Sunday, 1 January 2012

Suiting Up Strawberries for the New Year

Well food fans, welcome to 2012! As was the case with other food bloggers (such as this one which I just saw tonight while watching a very close Iron Chef America battle), yesterday was a time for me to say farewell to a food-filled 2011 and to prep in ushering a year full of endless possibilities. From one meal to a post to a new year, food presentation has become a focal point for not only the table but for blogs, as well, and it is with this in mind that I tack onto my growing list of 2012 resolutions a conscious lens on artistic creativity when it comes to both plating and photographing the food that I prep. Perhaps I'm stretching this a bit for my first post of the year (I'm claiming baby steps here), but I find it fitting in retrospect that the first dish I prepped in 2012 was suited up for the occasion: tuxedo strawberries.

If ever you're looking for a decadent gift to give for an anniversary or celebration (such as ringing in the new year), chocolate covered strawberries are a pretty good way to go. However, depending on the brand or to the extent they've been decked out with additional coats, these can rack up quite the bill. So, why not try your hand at making them yourself? Give yourself an hour or so and you can be rest assured that the thought of making these yourself is equitable to the pride in knowing you saved quite a bit of money in the process. To dress up your strawberries, all you basically need are coating ingredients (in my case, vanilla-flavoured candy melts and more leftover chocolate from my sister's birthday).

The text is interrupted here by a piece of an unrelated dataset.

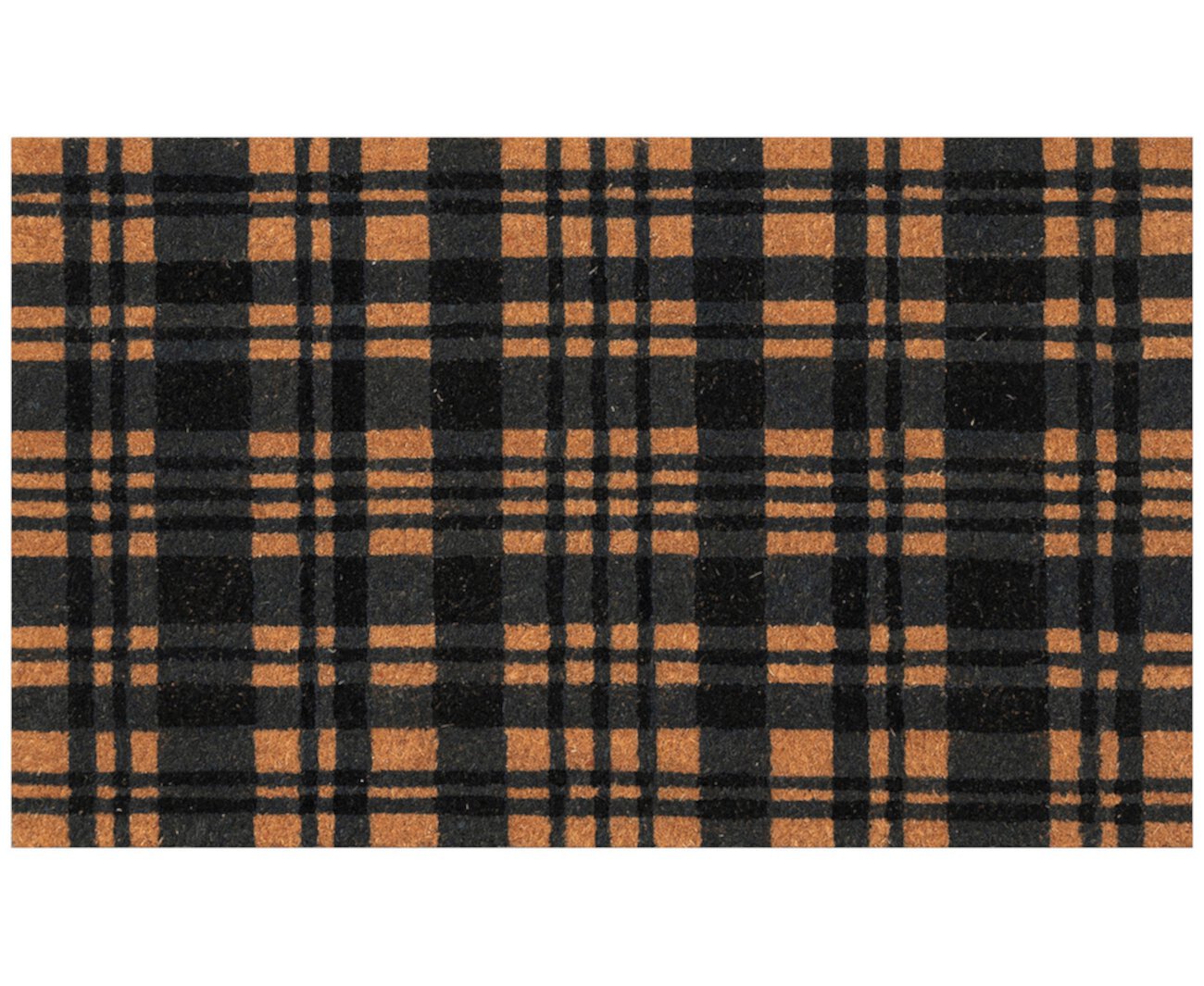 Коврик Natura Tartan 60x90 см, черно-белая клетка, 100% кокосовое волокно, современный стиль Liora Manne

Start off by melting the white chips (about 6 oz for the three dozen strawberries I was dressing up). in the microwave in 15 second intervals, until fully melted (about 2 min 45 sec). Note: Similar to sugar, heat helps to release the juices from the strawberries. To prevent this from happening, make sure your dipping liquids are cool (borderline warm) while still being smooth enough to work with. [Not that I referenced this post, but do check this one out if you find it easier to follow.] As the chips are melting, wash and dry off your strawberries.

Once your "shirt layer" is cool enough to work with, dip your strawberries in the candy coating (or white chocolate or whatever else you decide to use). [When coating your strawberries, do be sure to hold onto the leafy tops so they end up clean in the end.] As you can see in the photo above, you only need to cover half (or little less than half) the strawberry. This will become the shirt portion of the suit. Get these onto a cooling rack to harden and allow any excess to drip. Also noticeable in the above photo is the fact these shirts are rather uneven; the candy melts happen to melt into a thicker coating, so you don't get as smooth a finish as you could get using actual chocolate, etc. But hey, it'll all look good in the end-- I promise! If you'd like to dress up the eventual suit even more (perhaps suit buttons or a little boutonniere), save the remaining white chocolate to pipe later.

As the shirt layers are hardening (feel free to put these in the fridge or cold room to speed up the process, if need be), melt your chocolate suit exterior (about 6-7 oz). When cool enough to work with (and only after the shirts have hardened), dip the other half of each strawberry in the chocolate and then turn each shirt-coated side at an angle to create the V-shape of the suit. Still holding the leafy top, gently shake the strawberry to allow any excess chocolate to drip. Transfer this onto a pre-lined (with tin foil) tray, chocolate side down, to cool.

When finished with the coating chocolate, transfer the remaining melted chocolate into a piping bag of some kind. (My favourite, on-the-spot version is made by using a plastic baggy and taking a small snip off one of the corners.) Carefully add two chocolate buttons (literally a tiny drop of chocolate) and fashion a bow tie by making an X and vertically connecting the side points. Allow everything to cool and harden before transferring them onto a serving tray.

A side note: When you are ready to transfer them, take note of the hardened flat surface that was achieved when allowing the chocolate exterior to cool. This (as obvious as it looks) helps the strawberries to remain stationary when it comes to plating. Additionally: Just when I thought I was starting to be creative with my food dish titles, it turns out others beat me to it. Oh well, I suppose the way my chocolate melted and resolidified transformed my strawberries' wardrobe into a pinstriped series. If you really want this look, consider yourself lucky because it's definitely easier to achieve-- do everything this post suggests you not to do (i.e., over-agitate the chocolate during the tempering process or cool the strawberries too quickly in the freezer). Otherwise, stir the chocolate gently as you melt it and allow the chocolate to harden in low-humidity, mid-60's room temperature conditions, for a cleaner, glossier look.

Now that the strawberries had taken on a new form, it was time to transport them to the party and dessert table (one of two) at my godparents' home where family and friends gathered together in true Filipino food fashion to celebrate the start of the new year.

As for some of the other dishes added to the potluck, I'll let you take a look for yourself along with the rest of the food photos in this album. Especially for the environmentally conscious ones reading this post, take note at the end of the album my new grocery bag holder made by my godmother's mom.